Hypoderma bovisin larvalarının spinal kanalda ölmesi sonucu felçler oluşabilmektedir. Larvaların deriyi delmesi sonucu kaşıntı oluşabilmekte. Nodüllerin bir sığır üzerindeki sayının 200-300 e varabilmesi. Yoğun enfestasyonlarda ağrı saptanabilir.
Hypoderma lineatum larvalarının çok olması ya da özofagusta ölmeleri sonucu meteorismusa sebep olurlar. Yutkunma güçlüğü olur.
Yemden yararlanmada azalma, zayıflama ve süt veriminde azalma.
Tanı
Hypodermosis tanısında iki önemli metod kullanılmaktadır.
- Sırt derisi altındaki larvaların oluşturduğu şişliklerin palpasyonu: Deriye uygulanan palpasyonun her ay tekrarlanması ve beş ay devam etmesi gerekmektedir. Böylelikle larvaların üçüncü dönemlerini bulmamız mümkün olabilmektedir.
- Elisa, serum presipitasyon, komplement fiksasyon gibi immunodiagnostik çalışmaların uygulanması: İmmunolojik testlerin, kış aylarında alınan serum ve süt örneklerinden yapılması gerekmektedir.
Ayırıcı Tanı
- Deri altı kistler ile karışabilirse de, nodüllerin delinmesi ve içlerinde larvaların çıkması ile ayrılır.
Tedavi
Tedavide çeşitli preperatlar kullanılmaktadır. Bunların içinde en önemlileri ivermektin, doramektin, moksidektin, eprinomectin gibi 1 ml/ 50 kg doz hesabıyla subkutan yolla kullanılan preperatlardır. Bunun dışında yıkama, püskürtme, banyo ve dahilen uygulanan triklorfon içeren preperatlarda kullalıbilir.
İlacı uygulama zamanı olarak 2 farklı durum vardır. Bunlar;
- Erken Tedavi: En etkili tedavi yöntemidir.
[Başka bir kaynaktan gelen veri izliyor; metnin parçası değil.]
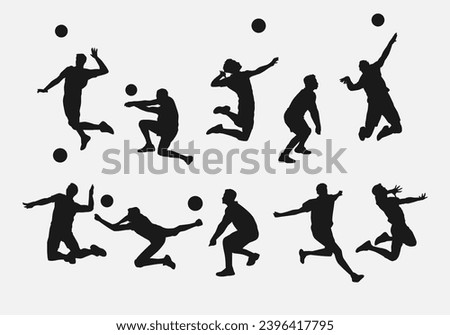 set of male volleyball player, athlete silhouettes. various different pose, gesture. vector illustration.
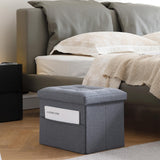 Hamgtrion Ottoman Storage Ottoman Collapsible Ottoman with Storage Foot Rest Small Ottoman with Side Pocket Foot Stools for Living Room Grey L17W13H13inches Hamgtrion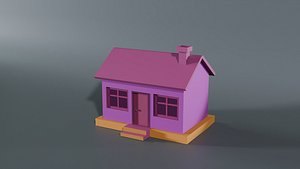3D Stylized Low Poly Pink Cartoon House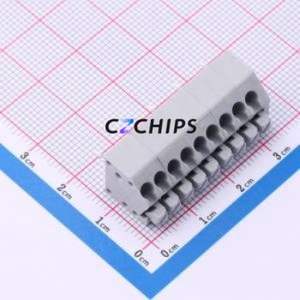 DB250B-3.5-9P-GY Spring Terminal Block Through hole Component (THT),P=3.5mm Connector 1x9P 3.5mm Gray 9P - Product Image 1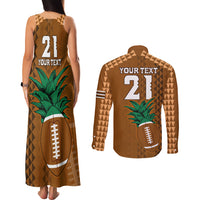 Custom Hawaii Honolulu Bowl Couples Matching Tank Maxi Dress and Long Sleeve Button Shirt With Kakau Tribal Pattern LT9 - Wonder Print Shop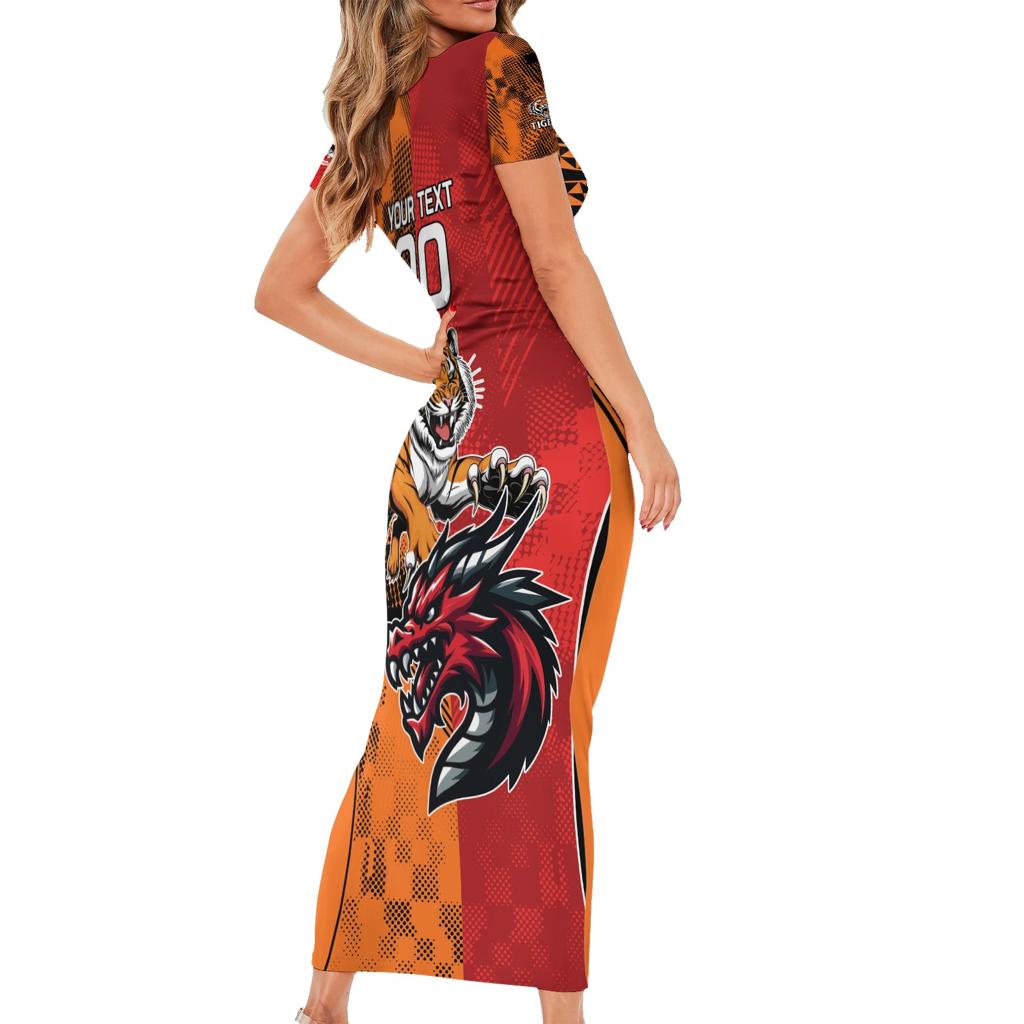 Custom Dragons and Tigers Family Matching Short Sleeve Bodycon Dress and Hawaiian Shirt Rugby Mascot With Sporty Style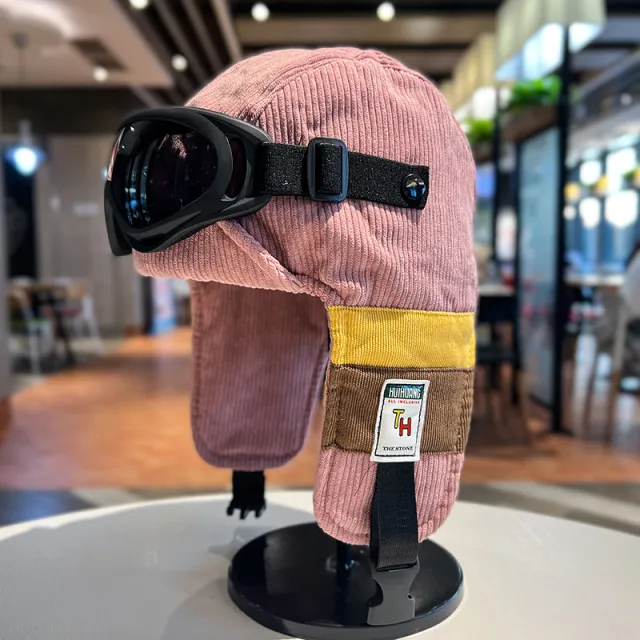 Pilot Hat Corduroy Warm Ear Protection Ushanka Pink Hat Sunglasses - Shop at LoveMi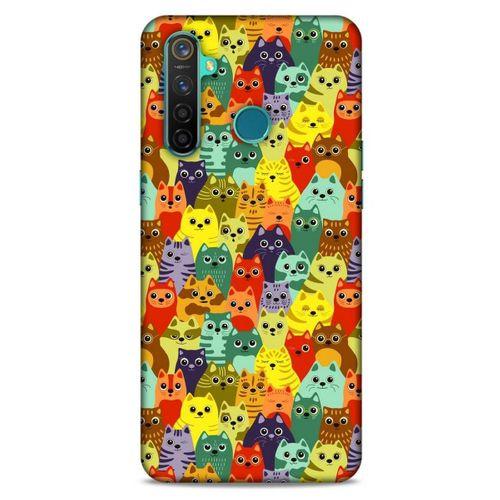 Lopard Oppo Realme 5 Pro Uyumlu Kılıf Kediler (38) Neo Hybrid Kılıf Mor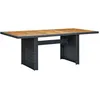 Image de Table De Jardin Gris Foncé Résine Tressée Et Bois D'acacia Vidaxl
Larvalar göç yerine gelmeden öldürmektir. Bu amaçla ekim ayında sistemik etkili ilaçlar kullanılmaktadır.
- İlkbahar Uygulaması: Bu tedavi daha az tercih edilir. Sebep olarak artık larvalar göçü tamamlamış ve yapacağı zararı yapmıştır.
Korunma
Erişkin sineklere karşı insektisit emdirilmiş ayak bandları veya kulak plakları uygulanmalıdır. Kalıcı etkili insektisitlerin arka bacaklara püskürtmesiyle de korunma sağlanabilir. Sonbaharda ve İlkbaharda sistemik etkili ilaçların uygulanması yeni jenerasyonların oluşmasını engellemektedir. Son yıllarda larvalardan elde edilen antijenler sayesinde recombinant DNA teknolojisi ile aşılar elde edilmiştir.